◆ **WHAT YOU SHOULD DO**
Your task is to give the number of lines below that contain "Drive". Give no other text.

◆ **RECORDS PROVIDED**
┄┄┄┄┄┄

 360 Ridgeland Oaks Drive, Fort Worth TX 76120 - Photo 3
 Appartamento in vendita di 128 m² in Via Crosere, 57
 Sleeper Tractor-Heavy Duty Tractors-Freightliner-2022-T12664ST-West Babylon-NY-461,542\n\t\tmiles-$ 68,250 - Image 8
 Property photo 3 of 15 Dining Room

┄┄┄┄┄┄

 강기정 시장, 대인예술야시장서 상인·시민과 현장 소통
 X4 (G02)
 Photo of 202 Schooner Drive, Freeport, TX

┄┄┄┄┄┄

◆ **TASK SOLUTION**
2